If I use a bit array, my array becomes much smaller, which means that I need to do fewer memory accesses to traverse the entire array, less memory is being used, etc. The only problem is with accessing an element in this array. To see if a bit is set in the bit array, I need to read one chunk of the array into a word and then shift bit by bit to see if anything has failed.
Enter, pop count! Pop count would simply tell me how many bits were set in the word I've just accessed, with just one instruction! Let's take a look at the gain I realize by using POPCNT.
For 1MB of data with a 1k block size, I have 1,000 elements. Therefore, the number of instructions taken by each approach would have been:
Original [byte array based]: Execution: For each element, I need to read the byte value and check if it is 1. If it is, I need to increment my counter. Cost: 3 instructions [read, compare, increment] x 1000 = 3,000 Results: 3k instructions. Not a very good idea.
Bit array [without pop count]: Execution: For every 32 elements, I need to read one word, shift the bits out, check if the left-most bit is 1 or not (check the sign of the resultant number), and then increment my counter if the bit is 1. Cost: (1 read + 32 shifts + 32 compares + 32 increments) x (1000/32) = 3032 Results: Considering there are much fewer reads here, this approach would still be a lot faster because of a lot fewer memory accesses.
Bit array [with pop count]: Execution: For every 32 elements, I need to read one word, do one pop count, and increment my counter by the return value from the pop count. Cost: (1 read + 1 POPCNT + 1 add to the counter) x (1000/32) = 94 Results: Using the POPCNT instruction here gives me a whopping 32x reduction of instructions, representing a significant performance gain! This is with using 32-bit words. For 64 bits, there is even greater performance gain.
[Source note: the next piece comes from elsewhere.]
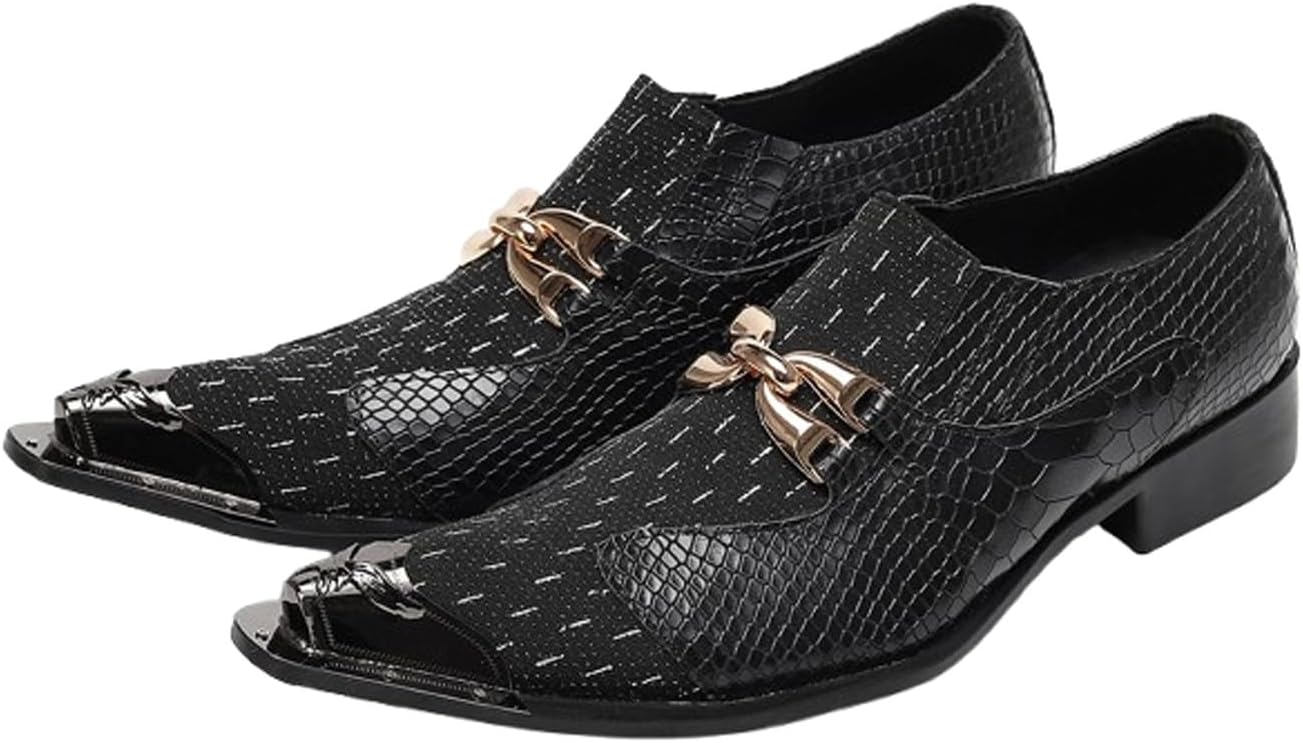 Мужские лоферы Santimon с эластичной вставкой, золотой цепочкой и металлическим мыском - обувь для свадьбы, вечеринки или клуба из кожи с тиснением под крокодила с комбинированной фактурой
Мужские лоферы Santimon с эластичной вставкой, золотой цепочкой и металлическим мыском - обувь для свадьбы, вечеринки или клуба из кожи с тиснением под крокодила с комбинированной фактурой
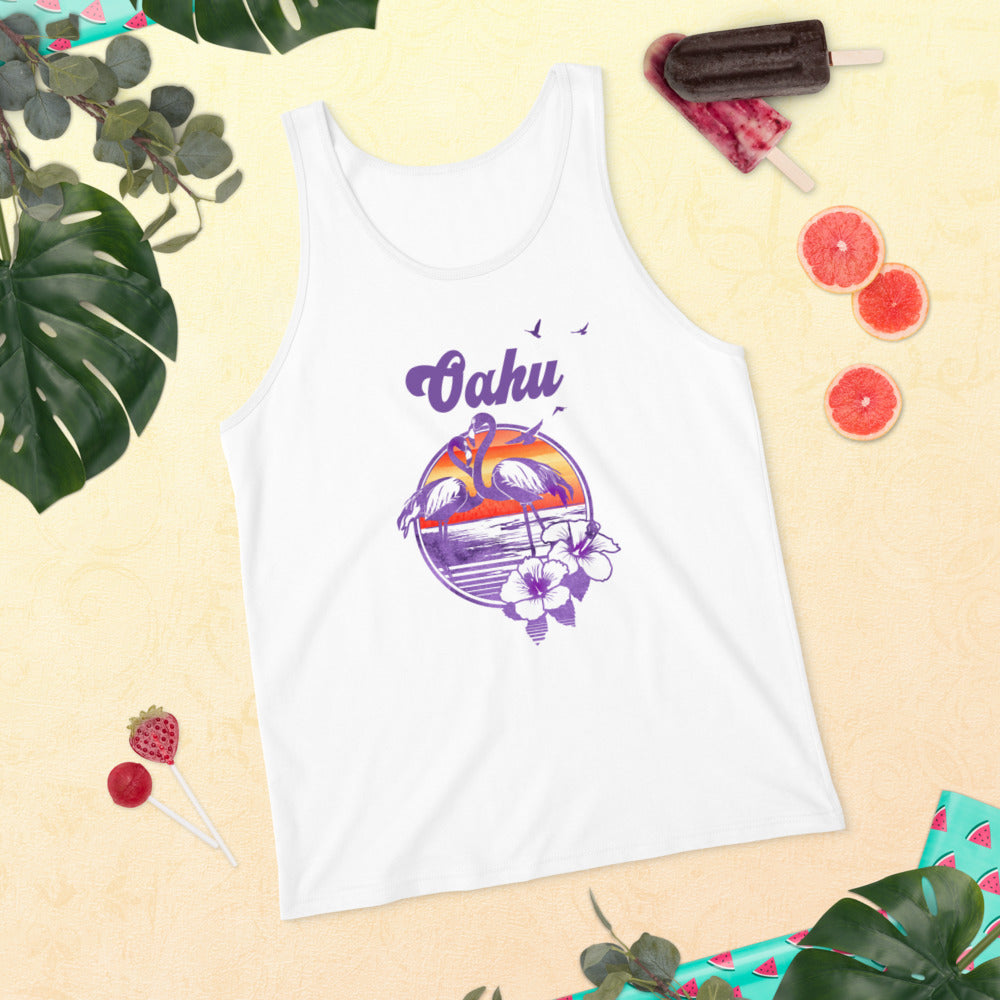 Retro Oahu Hawaii Beach Flamingo Hibiscus Unisex Tank Top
NOTE: There are other algorithms that could result in fewer instructions without using pop count, but we have chosen this x and x-1 approach because it is easily portable. Other algorithms that could perform this function faster often require a fixed number of bits, and hence are not suitable for all purposes. Even so, pop count is faster than the most optimal approach without pop count.
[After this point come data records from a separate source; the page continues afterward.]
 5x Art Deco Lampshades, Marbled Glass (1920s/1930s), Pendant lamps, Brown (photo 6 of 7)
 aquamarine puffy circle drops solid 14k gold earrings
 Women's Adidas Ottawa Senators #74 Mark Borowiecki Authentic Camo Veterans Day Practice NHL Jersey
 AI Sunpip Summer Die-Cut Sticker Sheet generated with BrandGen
In addition to this specific scenario, there are several applications where pop count can substantially increase performance. Pop counts are used in cryptography (in fact, this instruction is also commonly called the 'canonical NSA instruction' because of the fact that the NSA refused to buy processors which didn't support this instruction), encoding/decoding, databases (for quickly assessing information about data), and many others. One application that I find POPCNT most useful for is to quickly calculate Hamming distances. A Hamming distance is essentially a measure of how different one word is from another. Remember, this is not how different the values held by the words are (we could just use a subtract instruction to find that out!) but how the words themselves differ. For machine words, it is defined as the number of bits that are different between the two words.
For example, take the following 8-bit words:
00110001 11010001 ^^^^^
The lower 5 bits, denoted by the carats, are the same; hence only three bits are different. Therefore, the Hamming distance between these two words is 3.
A POPCNT instruction can give us the Hamming weight of a word, which is the difference between a word and the base word in its class. Because the difference between any particular word and a word with all 0s is the number of bits which are set, that is exactly what POPCNT gives us!
Of course, this doesn't give us the Hamming distance directly, but that's easily fixed. All we have to do is zero out the common bits between the two words and the result holds only the bits that are different. Our friendly neighborhood XOR instruction can do that for us, leaving us with the following sequence of instructions for calculating the Hamming distance between two words:
; RAX and RBX contain the two words
mov rcx, rax xor rcx, rbx popcnt rcx, rcx
; RCX now contains the Hamming distance between RAX and RBX
Hamming distances can be used to calculate things like error in data, as in how much error exists. They can be used as thresholds in encoding or decoding of audio/video. In fact, any place where you need any sort of fuzzy logic, Hamming distances could be useful. There are many other potential applications, but too many to be covered here.
This covers the first of two new advanced bit manipulation instructions that are introduced with the new Family 10h architecture. This leaves us with another interesting instruction, LZCOUNT, which counts the number of leading zeros in a given word. But, I'll leave that for next time.
-Rahul Chaturvedi
-------------------------
The information presented in this document is for informational purposes only and may contain technical inaccuracies, omissions and typographical errors. Links to third party sites are for convenience only, and no endorsement is implied.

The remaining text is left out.